In today's job market, job candidates and interviewees need to be prepared for rejection when applying for positions.
“Most of the time it seems impossible to find a job,” says Caroline Reidy, managing director of The HR Suite. “It can be quite an overwhelming process, and if you are getting rejection emails, or worse, being ghosted, it can very easily start to feel like you are never going to get a position.”
Reidy says that even if you do get an interview, many companies now require multiple rounds, which can make the whole process even more difficult.
The hardest thing about constant job rejections is the feeling of powerlessness that may keep expanding, says Peter Dudley, executive and life coach with Gray Bear Coaching LLC. “You work hard to show your best self, and then time and again, they pick someone else even when you may be overqualified for the job."

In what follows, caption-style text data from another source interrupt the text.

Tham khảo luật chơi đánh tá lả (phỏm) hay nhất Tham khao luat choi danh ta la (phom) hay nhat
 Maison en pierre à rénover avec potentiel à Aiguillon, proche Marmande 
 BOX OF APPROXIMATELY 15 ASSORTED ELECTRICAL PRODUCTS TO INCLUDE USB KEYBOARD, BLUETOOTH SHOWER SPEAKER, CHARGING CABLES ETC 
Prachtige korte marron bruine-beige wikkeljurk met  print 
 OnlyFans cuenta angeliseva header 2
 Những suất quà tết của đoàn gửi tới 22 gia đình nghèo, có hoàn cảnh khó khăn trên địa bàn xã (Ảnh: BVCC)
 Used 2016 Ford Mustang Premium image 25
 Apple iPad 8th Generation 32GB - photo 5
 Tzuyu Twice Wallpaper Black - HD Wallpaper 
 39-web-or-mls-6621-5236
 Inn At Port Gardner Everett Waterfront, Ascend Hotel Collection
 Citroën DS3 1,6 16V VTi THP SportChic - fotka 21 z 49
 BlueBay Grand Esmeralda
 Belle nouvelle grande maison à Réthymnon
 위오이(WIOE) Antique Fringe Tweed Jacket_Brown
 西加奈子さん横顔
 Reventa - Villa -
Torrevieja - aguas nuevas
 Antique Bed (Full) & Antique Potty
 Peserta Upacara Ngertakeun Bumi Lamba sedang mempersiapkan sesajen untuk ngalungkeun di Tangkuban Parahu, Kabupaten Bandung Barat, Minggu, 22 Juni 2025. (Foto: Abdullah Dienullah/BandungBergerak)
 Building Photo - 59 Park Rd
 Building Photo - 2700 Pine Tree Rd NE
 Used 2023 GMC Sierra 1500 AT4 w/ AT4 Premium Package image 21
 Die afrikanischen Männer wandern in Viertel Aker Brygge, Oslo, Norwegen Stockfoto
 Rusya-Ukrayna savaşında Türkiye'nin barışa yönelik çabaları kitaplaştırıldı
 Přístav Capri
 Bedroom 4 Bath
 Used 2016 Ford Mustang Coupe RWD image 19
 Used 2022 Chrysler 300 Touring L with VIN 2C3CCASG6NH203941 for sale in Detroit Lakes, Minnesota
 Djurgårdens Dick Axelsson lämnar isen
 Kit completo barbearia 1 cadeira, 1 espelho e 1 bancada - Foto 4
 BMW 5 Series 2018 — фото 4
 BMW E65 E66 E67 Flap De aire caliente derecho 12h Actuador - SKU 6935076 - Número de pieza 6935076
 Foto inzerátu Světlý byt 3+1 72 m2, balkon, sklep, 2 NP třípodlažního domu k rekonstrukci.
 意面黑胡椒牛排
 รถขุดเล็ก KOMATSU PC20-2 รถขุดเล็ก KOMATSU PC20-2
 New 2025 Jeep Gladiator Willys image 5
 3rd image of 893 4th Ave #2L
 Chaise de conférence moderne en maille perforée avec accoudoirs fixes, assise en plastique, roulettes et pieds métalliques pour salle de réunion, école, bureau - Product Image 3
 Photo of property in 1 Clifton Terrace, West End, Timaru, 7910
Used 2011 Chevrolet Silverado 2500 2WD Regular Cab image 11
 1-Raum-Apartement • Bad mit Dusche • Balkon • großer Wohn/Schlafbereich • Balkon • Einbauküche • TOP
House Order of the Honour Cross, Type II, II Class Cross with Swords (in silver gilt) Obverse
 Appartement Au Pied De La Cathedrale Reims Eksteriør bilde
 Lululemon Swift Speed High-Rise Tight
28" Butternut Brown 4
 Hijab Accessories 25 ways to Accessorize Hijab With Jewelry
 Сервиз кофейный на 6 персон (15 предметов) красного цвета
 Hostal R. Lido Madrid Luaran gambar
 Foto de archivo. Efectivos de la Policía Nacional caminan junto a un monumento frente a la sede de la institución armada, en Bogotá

Dudley also says that today's job market is deceptive. With a few clicks, you can find job listings anywhere around the globe, but so can candidates anywhere in the world. “The job you want is most likely flooded with hundreds – if not thousands – of applications, so the hiring manager may never even see yours,” he says. “More applications means more rejections.”
In light of this environment, job seekers can take proactive steps to deal with job rejection. “It really is just a case of pushing through,” Reidy says.
Here are six ways to manage repeatedly hearing “no” from employers without going under. These strategies can help you not only stop being discouraged by job rejection but also bounce back from job rejection more quickly.
Don't Take It Personally
It may be hard not to take rejection personally, but that's what you have to do to keep going,” Dudley says.
“To the company, it's not personal at all," Dudley says. "But to the applicant, it doesn't get more personal.”
Because of this, let yourself feel the sting for a moment, then let it go. He says, “It's impossible to move forward if you're dragging the weight of the last rejection along with you.”
Let Yourself Feel Down
It’s okay if rejection makes you feel deflated and exhausted with the whole process, Reidy says. “Understand that sadness is a normal and healthy emotion and an understandable reaction to rejection,” she says.
Instead of losing confidence or becoming self-destructive, Reidy advises rejected candidates to consider expressing their feelings. “Our self-esteem is harmed by rejection and having a good cry can help you feel better,” she says.
Treat Yourself to Something Uplifting
Balance out the bad news of not receiving a job offer with a positive experience to keep you moving forward, Reidy says. “Following each rejection, treat yourself to a night out or something nice to eat,” Reidy says. “It's OK to sit in your sadness, but it's important to pick yourself back up and try again and again.”